OXLUMO is an RNAi therapeutic targeting hydroxyacid oxidase 1 (HAO1) for the treatment of primary hyperoxaluria type 1 (PH1) to lower urinary oxalate levels in pediatric and adult patients. HAO1 encodes glycolate oxidase (GO), an enzyme upstream of the disease-causing defect in PH1. OXLUMO works by degrading HAO1 messenger RNA and reducing the synthesis of GO, which inhibits hepatic production of oxalate – the toxic metabolite responsible for the clinical manifestations of PH1. In the pivotal ILLUMINATE-A study, OXLUMO was shown to significantly reduce levels of urinary oxalate relative to placebo, with the majority of patients reaching normal or near-normal levels. Injection site reactions (ISRs) were the most common drug-related adverse reaction. In the ILLUMINATE-B pediatric Phase 3 study, OXLUMO demonstrated an efficacy and safety profile consistent to that observed in ILLUMINATE-A. OXLUMO utilizes Alnylam’s Enhanced Stabilization Chemistry (ESC)-GalNAc conjugate technology designed to increase potency and durability. OXLUMO is administered via subcutaneous injection once monthly for three months, then once quarterly thereafter at a dose based on actual body weight. For patients who weigh less than 10 kg, ongoing dosing remains monthly. OXLUMO should be administered by a healthcare professional. For more information about OXLUMO, visit OXLUMO.com.

OXLUMO Important Safety Information

Adverse Reactions

The most common adverse reaction that occurred in patients treated with OXLUMO was injection site reaction (38%). Symptoms included erythema, pain, pruritus, and swelling.

Pregnancy and Lactation

No data are available on the use of OXLUMO in pregnant women. No data are available on the presence of OXLUMO in human milk or its effects on breastfed infants or milk production.

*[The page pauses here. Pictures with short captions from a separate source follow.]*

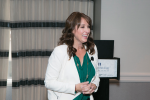 Stephenie Goddard, Executive Vice President of Glidewell Dental, gives the keynote address to more than 80 dental professionals attending the annual Women in Dental Technology breakfast in Chicago, hosted by IDT and the AEGIS Dental Network.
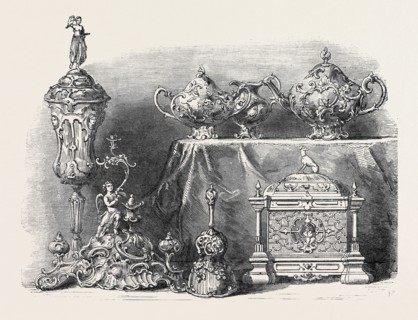 GROUP OF SILVER, BY VAN KEMPEN, OF HOLLAND, THE GREAT EXHIBITION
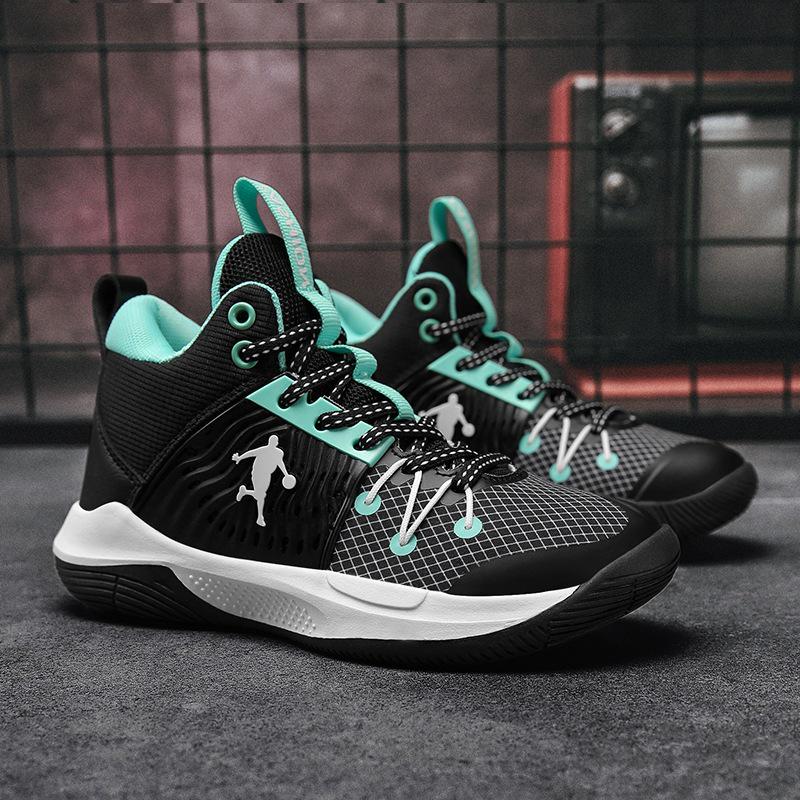 Детские дышащие баскетбольные кроссовки Kobe - Осенняя сетка, Противоскользящие, Мягкая подошва, Износостойкие для спорта и бега в начальной школе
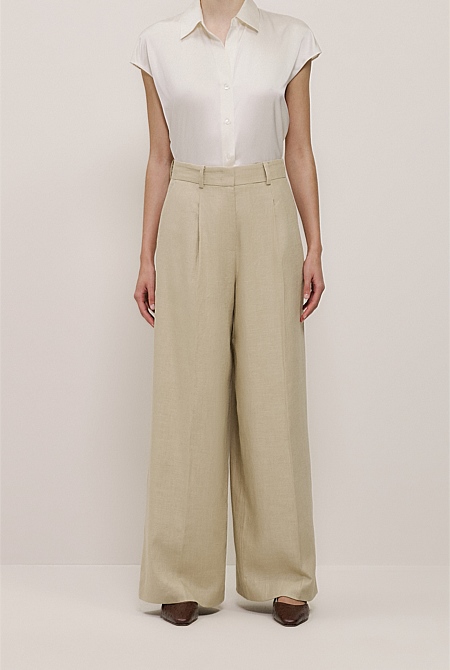 Textured Wide Leg Pant Textured Wide Leg Pant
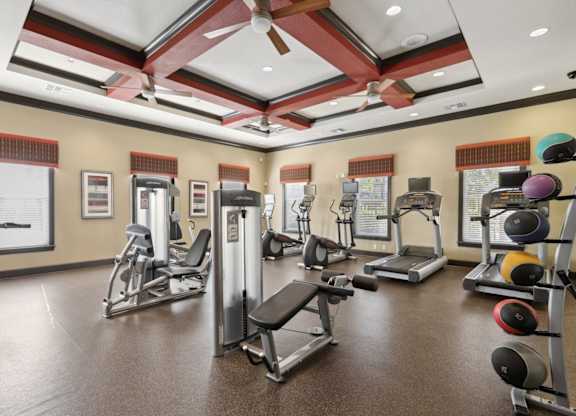 Fitness center at The Amalfi Clearwater Apartments
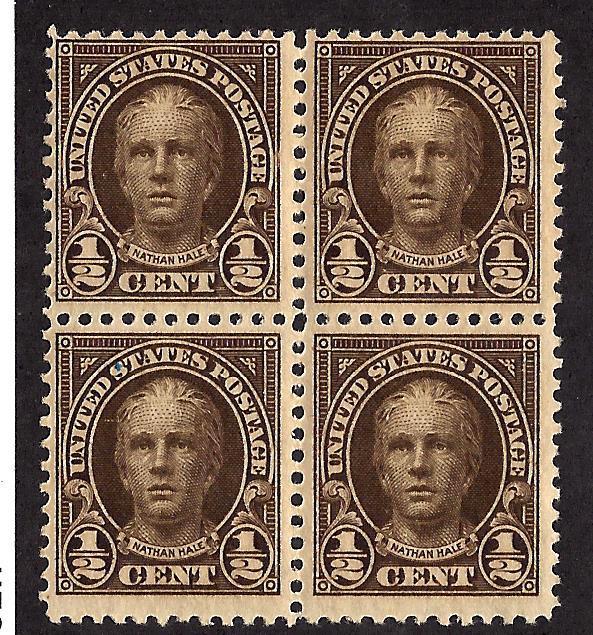 551 Mint,OG,LH... Block of 4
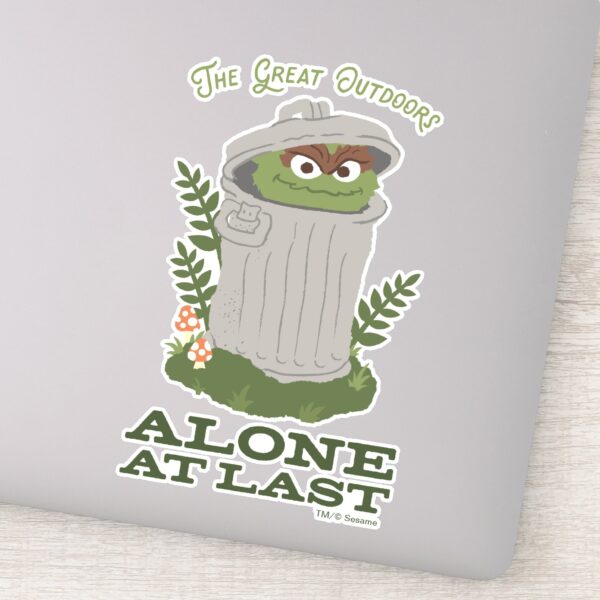 Oscar_The_Grouch___The_Great_Outdoors_Sticker_1 Oscar The Grouch The Great Outdoors Sticker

Consider the developmental and health benefits of breastfeeding along with the mother’s clinical need for OXLUMO and any potential adverse effects on the breastfed child from OXLUMO or the underlying maternal condition.

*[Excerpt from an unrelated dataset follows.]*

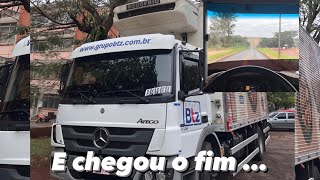 DIA A DIA DE UM MOTORISTA CÂMARA FRIA Ep 06 CHEGOU O FIM DE TUDO [upl. by Radferd]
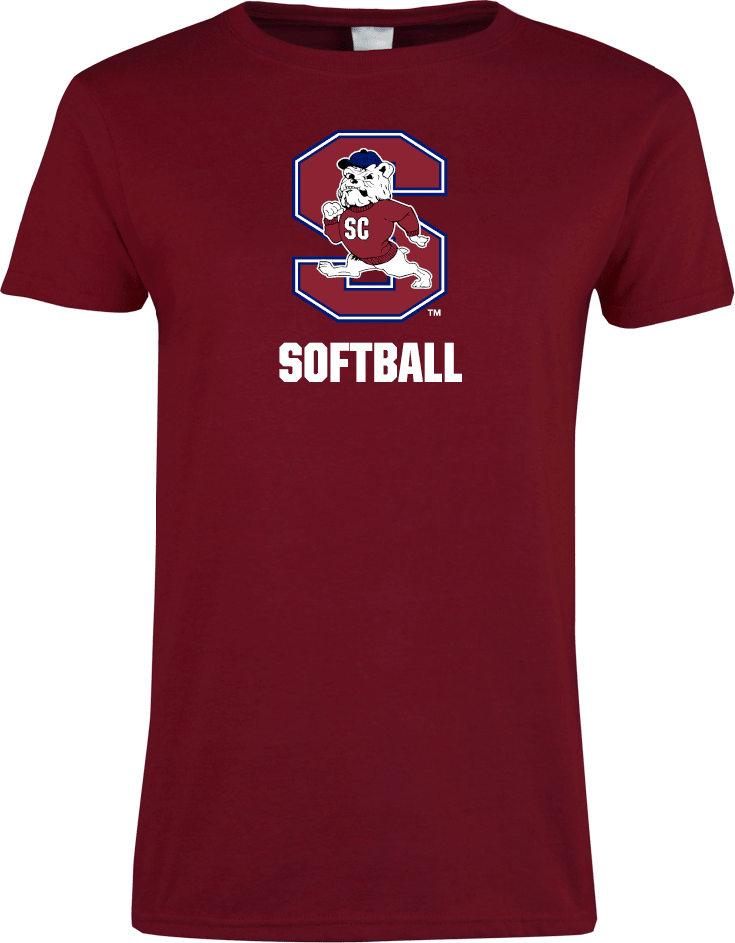 South Carolina State Ladies T Shirt Softball - ONLINE ONLY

For additional information about OXLUMO, please see the full Prescribing Information.

About LNP Technology

Alnylam has licenses to Arbutus Biopharma LNP intellectual property for use in RNAi therapeutic products using LNP technology.

About RNAi

RNAi (RNA interference) is a natural cellular process of gene silencing that represents one of the most promising and rapidly advancing frontiers in biology and drug development today. Its discovery has been heralded as "a major scientific breakthrough that happens once every decade or so," and was recognized with the award of the 2006 Nobel Prize for Physiology or Medicine. By harnessing the natural biological process of RNAi occurring in our cells, a new class of medicines, known as RNAi therapeutics, is now a reality. Small interfering RNA (siRNA), the molecules that mediate RNAi and comprise Alnylam’s RNAi therapeutic platform, function upstream of today’s medicines by potently silencing messenger RNA (mRNA) – the genetic precursors – that encode for disease-causing or disease pathway proteins, thus preventing them from being made. This is a revolutionary approach with the potential to transform the care of patients with genetic and other diseases.